La passion Air France
LE MONDE | 07.10.03 | 13h54 •


Née le 7 octobre 1933 au Bourget, Air France a 70 ans. Histoire d'un rêve, à travers quatre témoignages de personnels navigants qui l'ont vécu.
La saga d'Air France est d'abord une affaire de cœur, battant au rythme de fantasmes collectifs : affiches exotiques, tableau des départs promettant le bout du monde, annonces suaves pour des embarquements immédiats. Images de stars descendant la passerelle frappée du logo à l'hippocampe ailé - surnommé "la crevette" dans la maison. Bien qu'ils ne représentent qu'environ un quart des effectifs d'Air France - quelque 71 500 salariés, dont 53 500 employés au sol - les personnels navigants, techniques (PNT) ou commerciaux (PNC) - en uniformes d'opérette ou en tailleurs griffés et foulards Hermès - constituent la vitrine de la compagnie. Ainsi, au risque de renforcer les mythes, pour célébrer l'anniversaire de cette "machine à fabriquer des rêves et des légendes" - selon la formule de Philippe-Michel Thibault dans Le Roman d'Air France (Gallimard) -, c'est à quatre "chevaliers du ciel" d'hier et d'aujourd'hui que nous avons demandé d'évoquer leur vie dans les nuages.

LE PIONNIER

Il n'en reste qu'un, et c'est lui. Henri Roth, 98 ans et une belle vivacité d'esprit, est le dernier survivant des pilotes de Goliath Farman bimoteurs qui assuraient la ligne Paris-Londres au début des années 1930. Il est aussi le doyen des anciens commandants de bord d'Air France, compagnie qu'il a quittée en 1963, peu après l'arrivée des jets.
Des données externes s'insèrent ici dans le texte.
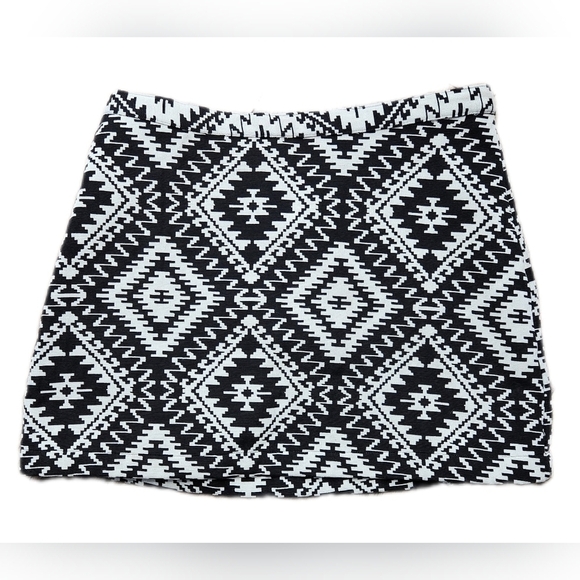 Topshop Black and White Geometric Mini Skirt 6 - Picture 4 of 4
"C'est en 1922, à 17 ans, que je suis entré comme apprenti mécano à l'école Blériot, où je suis devenu élève pilote, sur le même type d'avion de chasse que Guynemer, raconte-t-il. En 1930, j'ai intégré la compagnie Air Union, qui, en 1933, a été fusionnée avec quatre autres afin de constituer Air France. Pour rejoindre Croydon depuis le Bourget, nous mettions environ 2 h 30, mais parfois beaucoup plus par vent debout. Les huit ou dix passagers étaient à l'abri et sur certains appareils, comme le Lioré et Olivier, ils étaient même installés autour de tables avec nappes blanches, vaisselle fine et bonnes bouteilles servis par les premiers barmen, mais, nous, nous pilotions à l'air libre et, malgré nos vêtements de cuir et nos bottes fourrées en peau de lapin, c'était parfois assez dur."
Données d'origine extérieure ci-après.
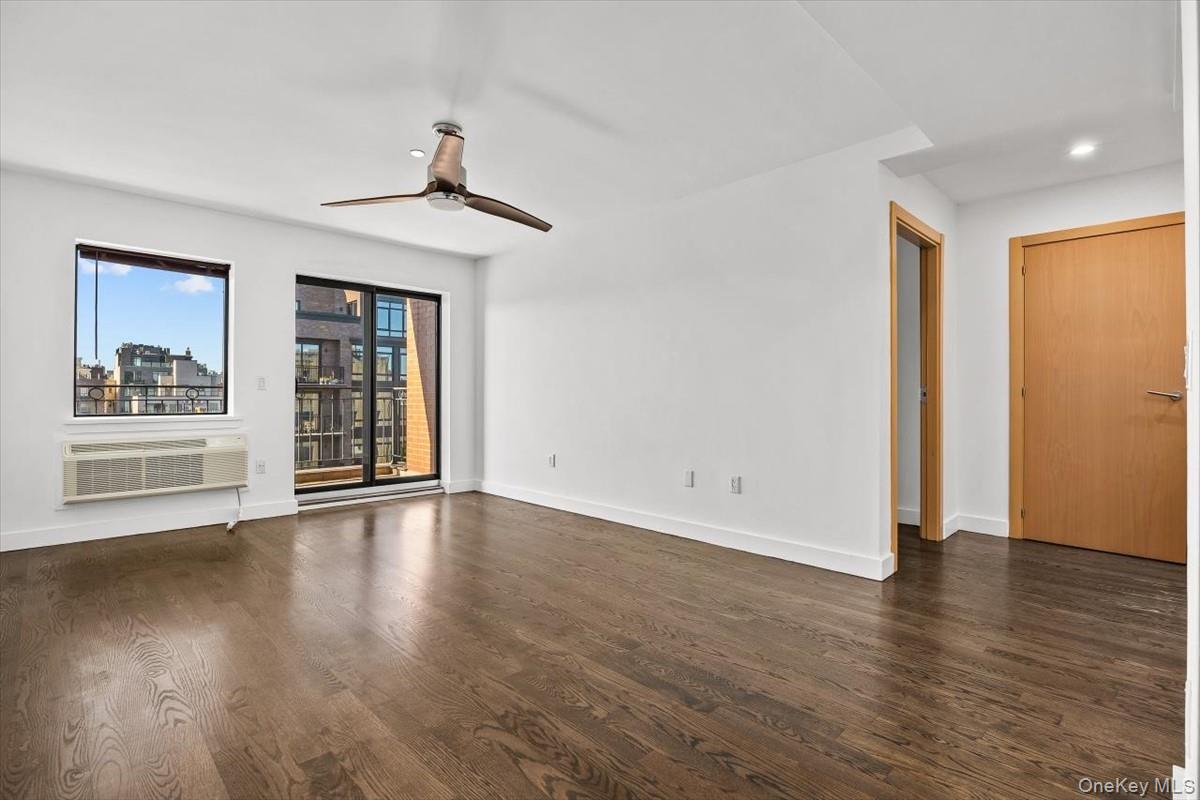 3135 31st Street, Unit 605 photo 6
Aux commandes des Wibault, des Bréguet, des Dewoitine ou des Lockheed, M. Roth a vécu les premières grandes étapes de l'évolution technique avec ses impressionnants gains de vitesse, de 120 km/h en 1930 à plus de 600 km/h après guerre. Et il a progressivement élargi son rayon d'action pour effectuer des Marseille-Lyon-Paris-Londres, en 6 ou 7 heures, avec parfois des "bretelles" vers Genève. "Comme on volait à vue, sans radio ni goniomètre, par mauvais temps on devait louvoyer entre les montagnes et, pour se repérer, on passait en rase-mottes au-dessus d'une gare, se souvient M. Roth. Un jour que je transportais de l'or, mal arrimé, j'ai vu un lingot crever le plancher et tomber au-dessus de l'Angleterre. Une autre fois, lors d'un 'coup de tabac', c'est la tête d'un passager qui a traversé une paroi en contreplaqué." En ces temps héroïques, les carburateurs givraient, les haubans pouvaient se casser et les mécaniciens acrobates réparaient parfois en vol pour éviter d'avoir à se poser en catastrophe.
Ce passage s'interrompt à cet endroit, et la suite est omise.